[Supplied material — start]

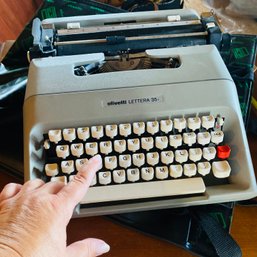 Olivetti Portable Typewriter With Korectype & Travel Bag (Attic)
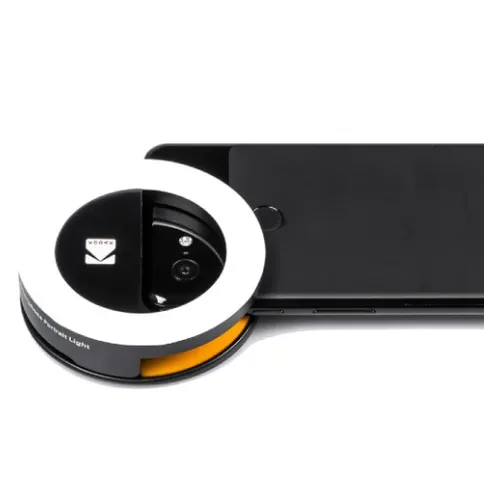 kodak_smartphone_portrait_light_2.jpg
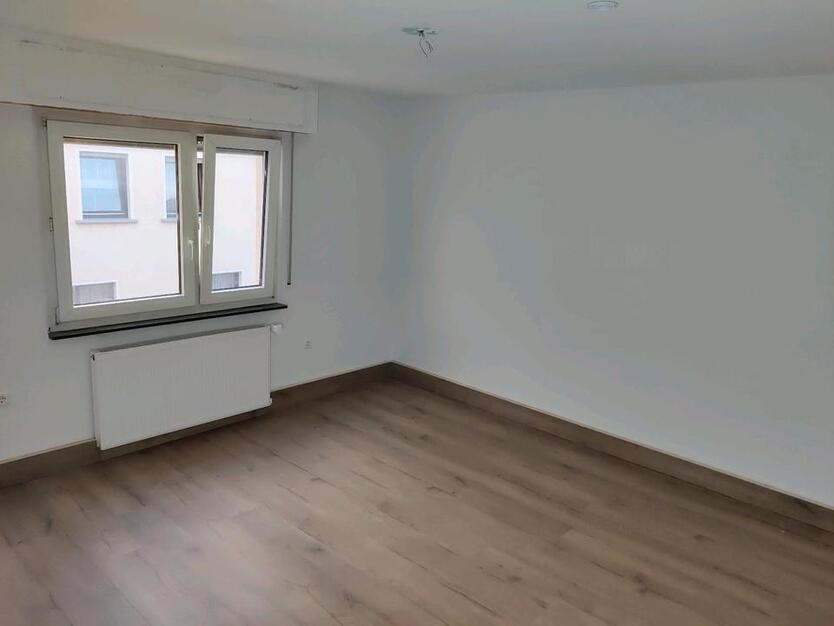 Ab Sofort Bezugsfreimit Einbauküche NEU sanierte 3 Zimmer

[Supplied material — finish]

Exercise details: Write each line exactly as it appears, from the line that holds "kodak_smartphone_portrait_light_2.jpg" through the closing line of the data above, and leave every picture out.

Task result:
 kodak_smartphone_portrait_light_2.jpg
 Ab Sofort Bezugsfreimit Einbauküche NEU sanierte 3 Zimmer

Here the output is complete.